[BC] "Mixing Product" for all you smart engineers...
Tom
Radiofreetom at gmail.com
Wed Jan 23 10:31:15 CST 2008
OOOPS! Hit "send accidentally - sorry about that! Moderator feel free
to delete previous!
Anyway; 1590 - 1230 = 410; easily within the realm of the IF passband on
many, especially older, radios. So, sounds like the nearer signals may
have momentarily swamped the radio - especially if the Desired Signal
happened to get nulled by some external factor, such as overhead power
lines. You don't mention the distance to the desired 1230 signal, so
that's an E-WAG (educated W. A. G.)
I've received unknown DX before last Christmas every morning while
traveling alongside some 135 KV lines with the radio on 1070 - and being
toward the western edge of the pattern (at about 5:00 am; with 1070 on
the tighter 6-tower pattern and at 10 kw). Never had time to stop and
try to ID the Undesired Signal, but it sounds similar.

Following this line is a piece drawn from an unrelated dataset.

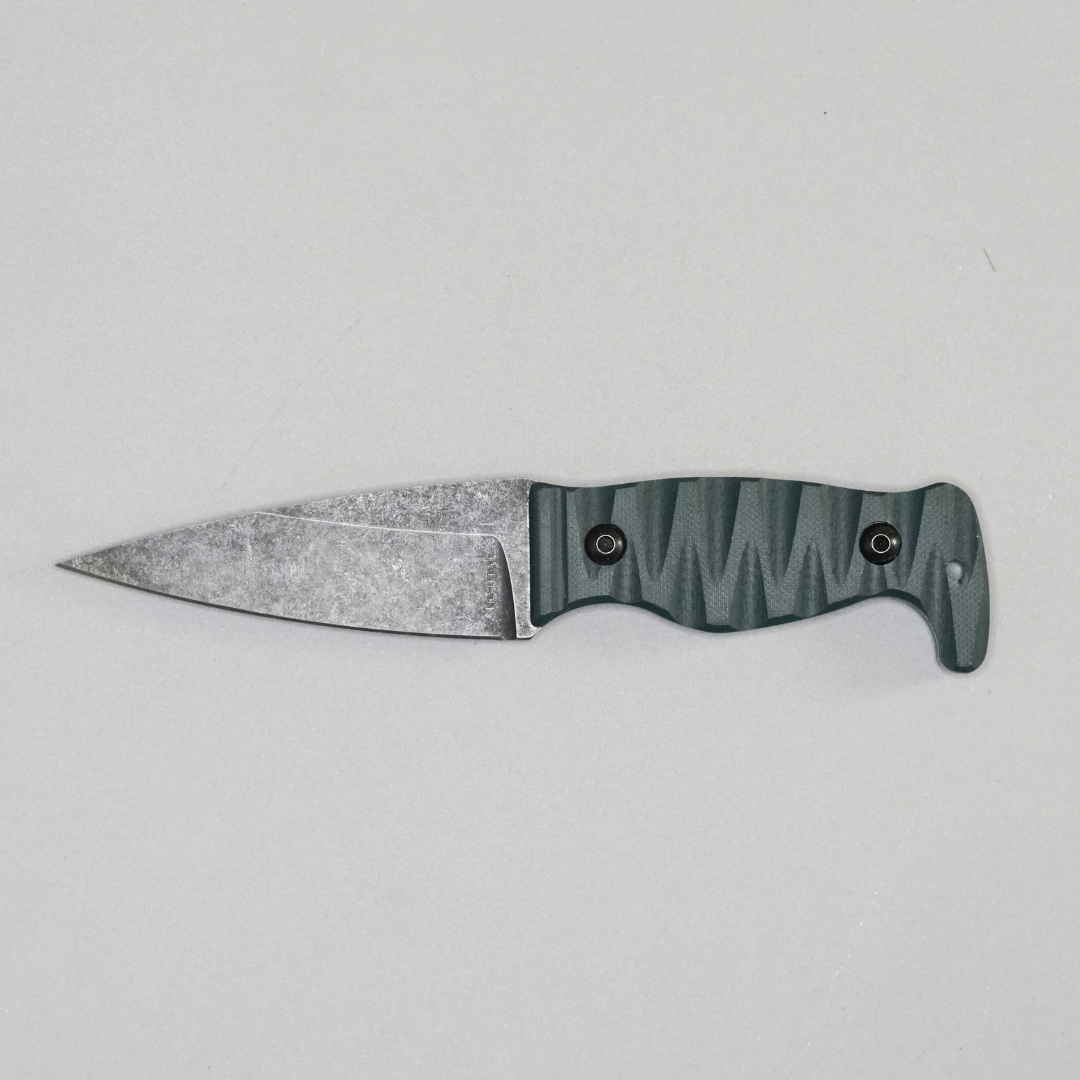Amtac Blades Custom Magnacut Northman Non-Serrated - Forest Green G10 with Desert Tan Liners Handle 1224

Other possibility is someone's pirate TX relaying WCRS for some reason....
Tom S.
--
Paul B. Walker, Jr. wrote:
> I was coming back from Greenwood this afternoon about 2:45 PM.
>
> The Single, 1/4 Wave (150 foot) tower for WABV 1590 is about 18 1/2 miles
> form the 5/8 Wave tower for WCRS 1450. Both stations are licensed for 1KW,
> which WCRS runs but WABV is operating on an STA with lower power.
>
> Approximately halfway between each tower, I heard 1450 WCRS very clearly on
> 1230Khz... and as far as I know, the person who owns no station on 1230 (He
> owns 1390, but that doesnt simulcast however WJES 1200 and WCRS 1450 do,
> part time)
>
> The closest broadcast tower was 92.9Mhz about 4 miles away.
>
> What caused this and what exactly was I hearing?